==== DATA FOR THE TASK ====

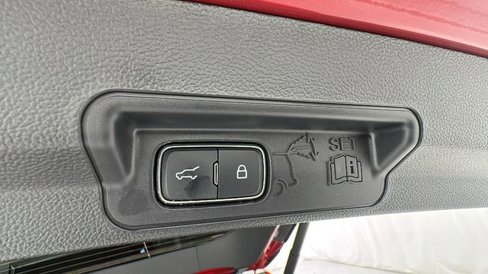 Used 2025 Ford Explorer ST image 17
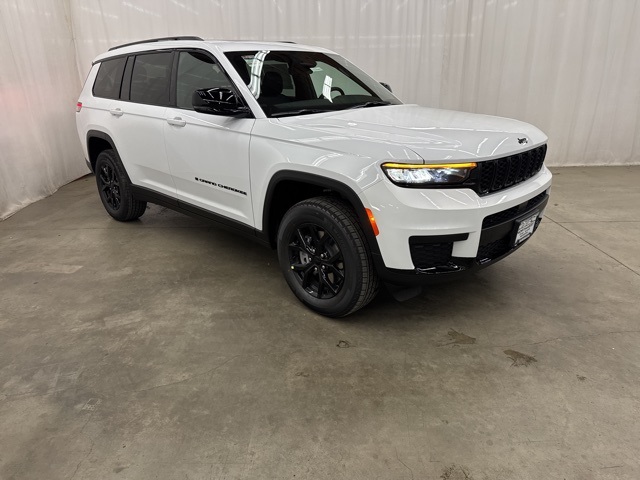 2025 Jeep Grand Cherokee L Altitude's photo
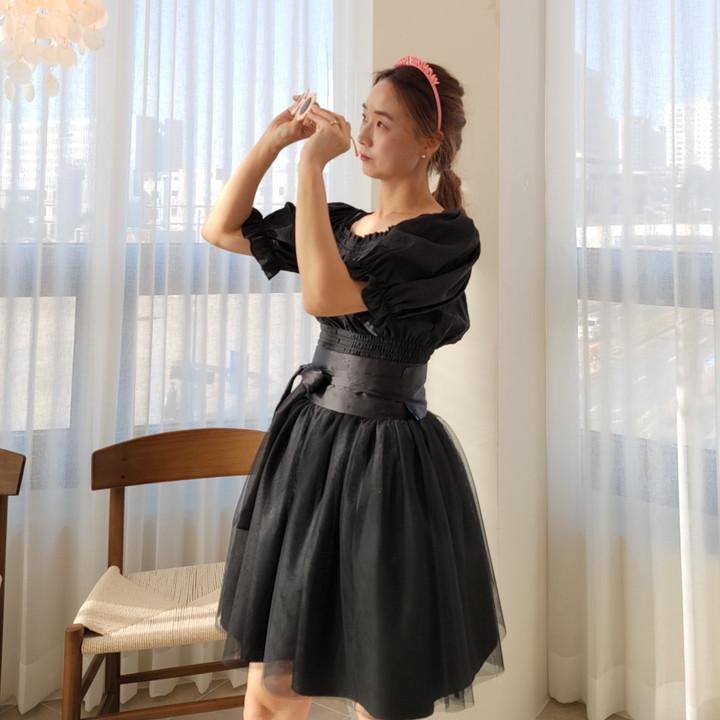 Chic Layered Black Tulle Mini Skirt with Wide Waist Belt - Image 3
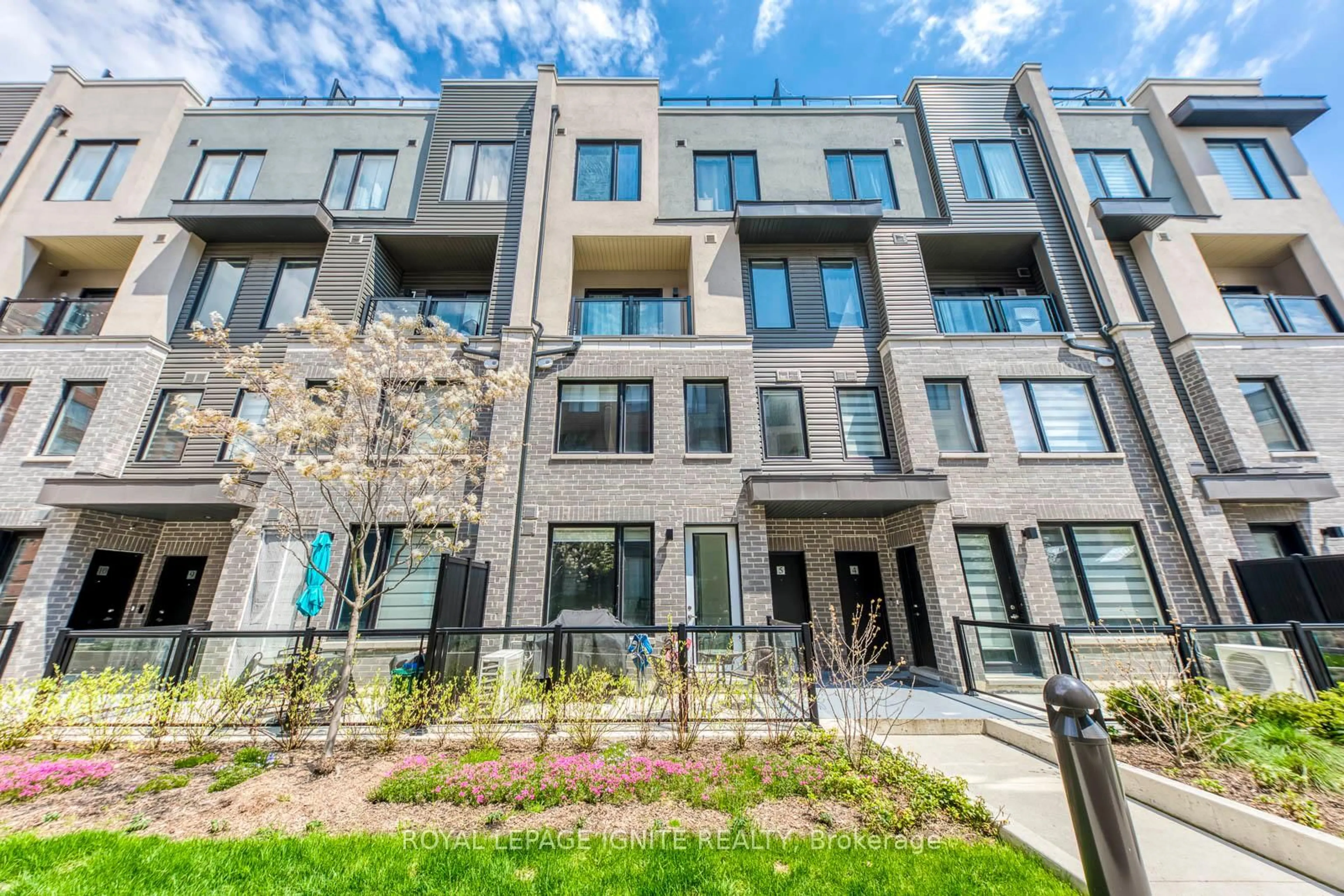 Patio, unknown for 3562 Colonial Dr #6, Mississauga Ontario L5L 0C1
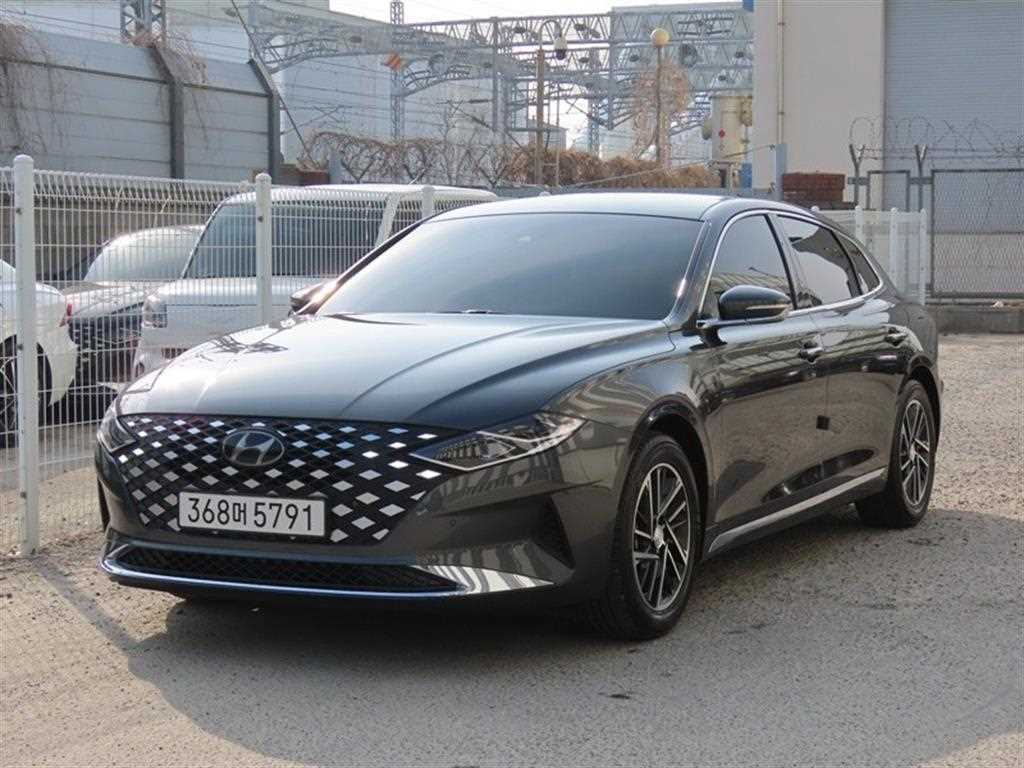 HYUNDAI Grandeur - Vista 2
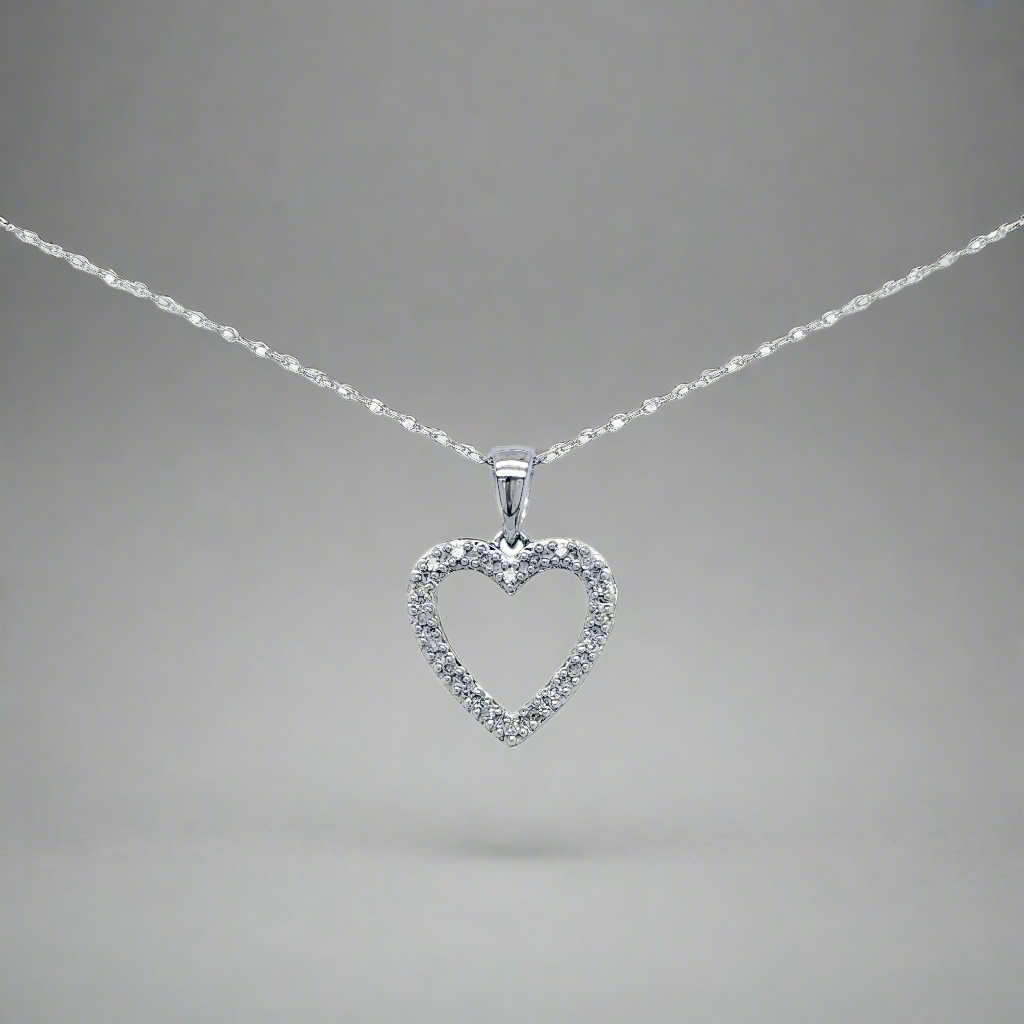 10K Small Diamond Heart Pendant Necklace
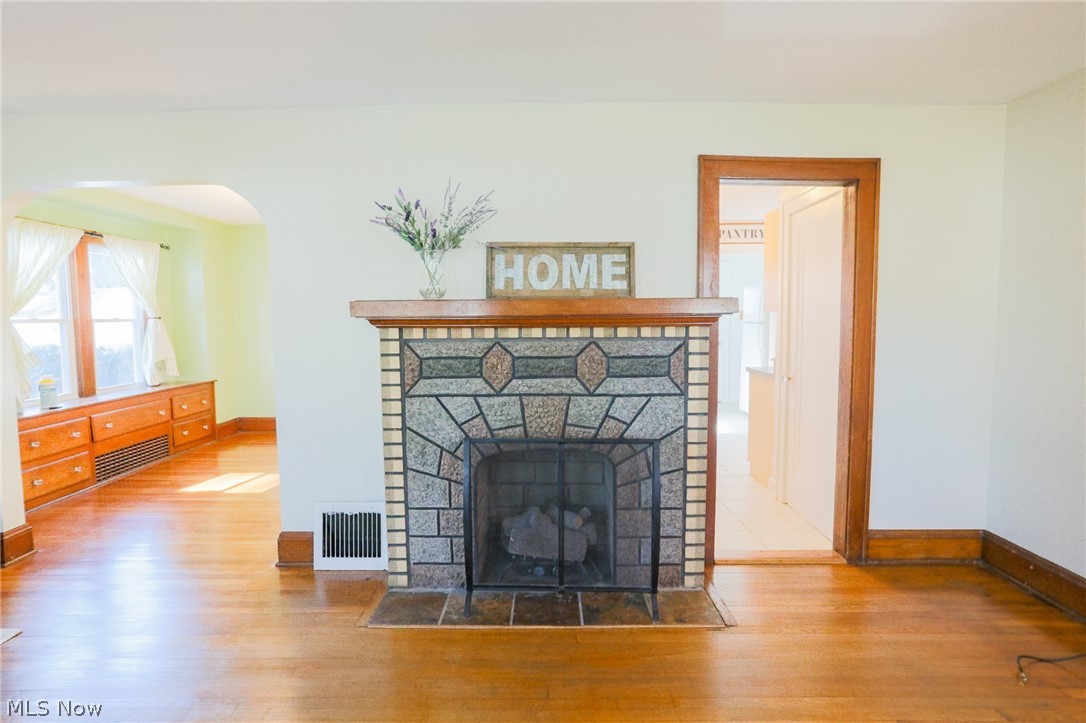 37 Canton Road Akron, OH 44312 - Photo 4 of 20 Gallery Image 4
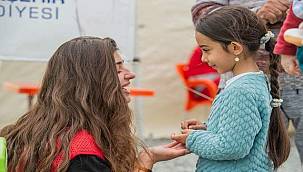 İzmir Büyükşehir ekipleri, Hatay'da depremzede kadın ve çocukların yanında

====

• HOW TO COMPLETE THIS TASK:
Leave out the pictures and give the rest of the records again exactly.

• SOLUTION:
 Used 2025 Ford Explorer ST image 17
 2025 Jeep Grand Cherokee L Altitude's photo
 Chic Layered Black Tulle Mini Skirt with Wide Waist Belt - Image 3
 Patio, unknown for 3562 Colonial Dr #6, Mississauga Ontario L5L 0C1
 HYUNDAI Grandeur - Vista 2
 10K Small Diamond Heart Pendant Necklace
 37 Canton Road Akron, OH 44312 - Photo 4 of 20 Gallery Image 4
 İzmir Büyükşehir ekipleri, Hatay'da depremzede kadın ve çocukların yanında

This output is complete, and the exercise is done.